With more than 20 million college students in the United States, competition for securing internships with Fortune 500 companies and major consumer brands is fierce. But, there are plenty of nonprofit organizations doing great work that need talented, young minds too.
Nonprofits offer a unique professional experience; they provide a good or service to support an underserved cause while often working with minimal staff and limited resources. In order for nonprofits to succeed, they need volunteers, donations, a focused goal and the will to achieve that goal. These circumstances provide a multifaceted learning opportunity for college students eager to play an active role in the day to day success of an organization. Additionally, they are in for a rewarding and enjoyable experience. Here are four reasons why college students should add work with nonprofit organizations to their resume.
Because nonprofits find success when the entire team contributes to the end goal, interns are usually responsible for activities that support the organization’s goals rather than trivial tasks.
The operating structure of most nonprofits also allows for some cross functionality in roles among staff and interns. An intern could be brought on to do social media but given the aforementioned nature of nonprofits, may also have the opportunity to dabble in grant writing, program management or donor relations. At nonprofits, dipping your hands in different pots is both acceptable and encouraged – which isn’t always the case in corporate culture. Nonprofits provide college students the opportunity to get hands on experience, explore new avenues and learn what their strengths and weaknesses are. This experience alone could open up a new world of possibilities for the future.
With limited resources, collaboration is critical to a nonprofit’s success.
Team members must support each other and equally contribute to the work being done. This goes for interns, too.
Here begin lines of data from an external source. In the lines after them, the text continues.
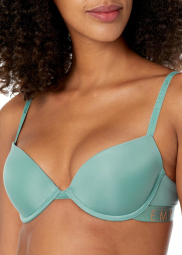 Комплект белья Emporio Armani бюст Push Up и трусики брифы 1159839854 (Бирюзовый 36C/L)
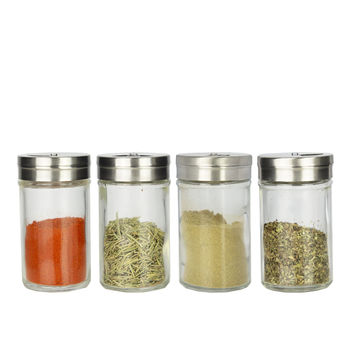 Buy Wholesale China Glass Spice Jars With Stainless Steel Lid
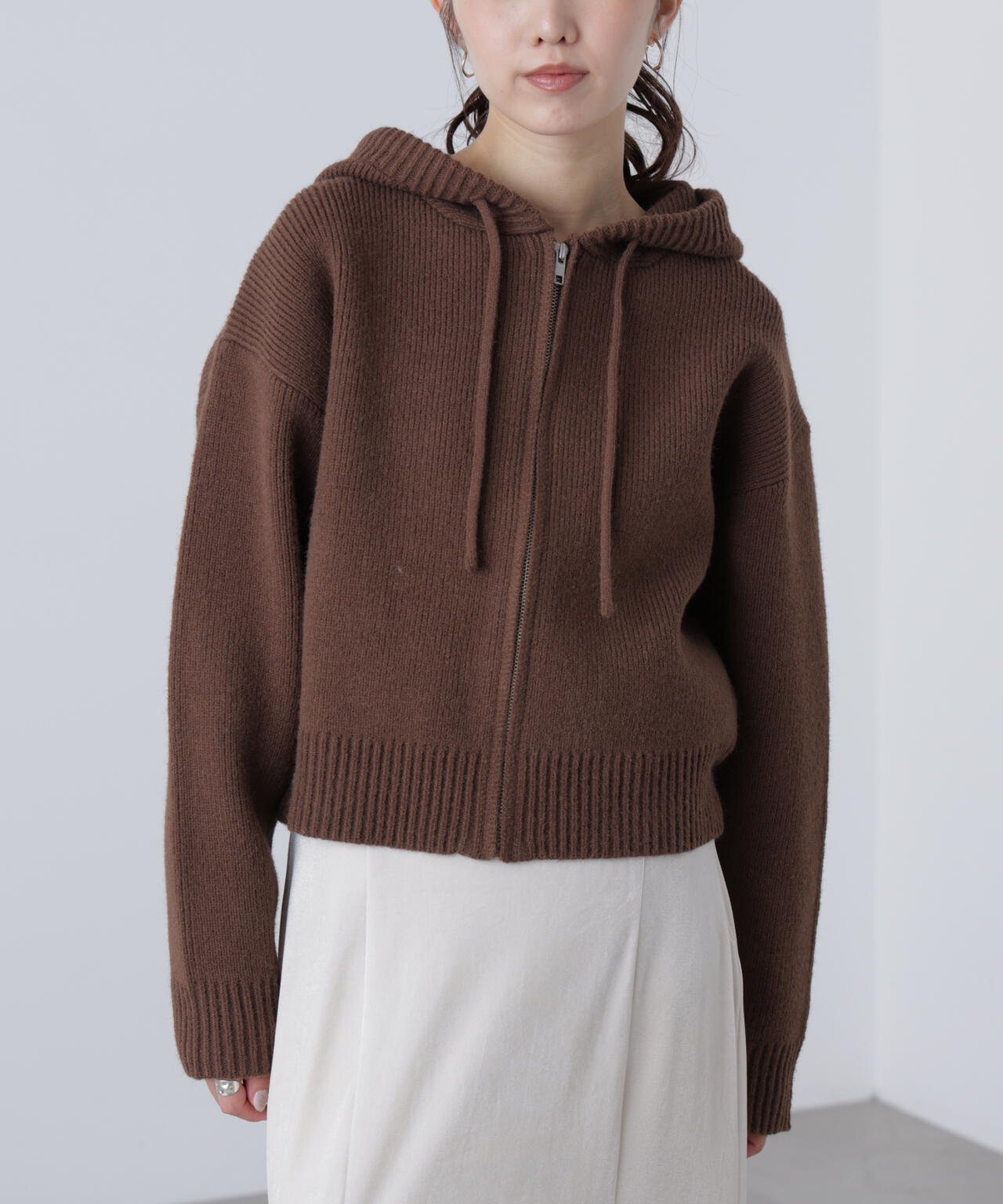 ジップニットパーカー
Nonprofits encourage collaboration and often empower interns to share ideas and suggestions just like everyone else because voice is heard when there’s a small idea pool. Within Camp Corral, every thought and idea counts! A fresh perspective is also appreciated. For a young college student striving to find their voice, most nonprofits are great places to practice idea sharing and become comfortable with speaking up as a vital member of a team.
Interns at large, for-profit corporations typically don’t get the chance to interact with higher level, C-suite executives.
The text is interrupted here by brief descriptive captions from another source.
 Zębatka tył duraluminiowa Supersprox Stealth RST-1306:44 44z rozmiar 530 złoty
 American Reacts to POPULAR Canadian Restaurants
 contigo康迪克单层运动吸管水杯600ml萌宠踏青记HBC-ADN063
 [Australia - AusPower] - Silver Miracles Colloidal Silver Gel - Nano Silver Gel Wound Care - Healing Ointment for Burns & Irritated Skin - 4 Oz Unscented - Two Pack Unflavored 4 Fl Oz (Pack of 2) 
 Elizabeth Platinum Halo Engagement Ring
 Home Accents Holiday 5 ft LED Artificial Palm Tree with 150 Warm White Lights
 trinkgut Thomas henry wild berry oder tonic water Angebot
but at a nonprofit, the distance between the two roles is not as great. Due to the aforementioned operating structure of most nonprofits, more often than not interns will work with and/or report to other team members in some capacity during their time within the organization meaning they’ll get solid facetime with team members at every level. At Camp Corral this is especially true, with such a small team it’s imperative that we all work together to achieve our goals and as a result, we spend a lot of quality time together.
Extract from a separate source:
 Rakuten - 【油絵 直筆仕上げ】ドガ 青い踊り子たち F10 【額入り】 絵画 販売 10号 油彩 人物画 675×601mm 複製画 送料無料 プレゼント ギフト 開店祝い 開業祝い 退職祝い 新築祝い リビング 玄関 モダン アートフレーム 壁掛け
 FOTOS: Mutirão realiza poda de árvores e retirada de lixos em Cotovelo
There is no better feeling than supporting an important cause because every step forward feels like a win.
The long nights and early, caffeinated mornings are totally worth it when you’re able to see the impact your work has on others. Interns at nonprofits will work on projects that are key to the organization’s mission and they will likely have the chance to see them come full circle, which isn’t always a reality during a semester long internship at a larger corporation.
Most students aren’t completely sure what they want to do for a living when they enter college, but they have a world of opportunities available to help them figure it out, internships making up a host of these opportunities. College years are the best time to explore various career paths and as much as it is about learning a major, it is about a student learning their strengths and weaknesses, their likes and dislikes and challenging themselves to grow beyond their comfort zone. It’s also the time to develop professionally. An internship at a nonprofit provides the chance to do all of these things as well as take away many valuable tools and relationships, all while doing good for the world.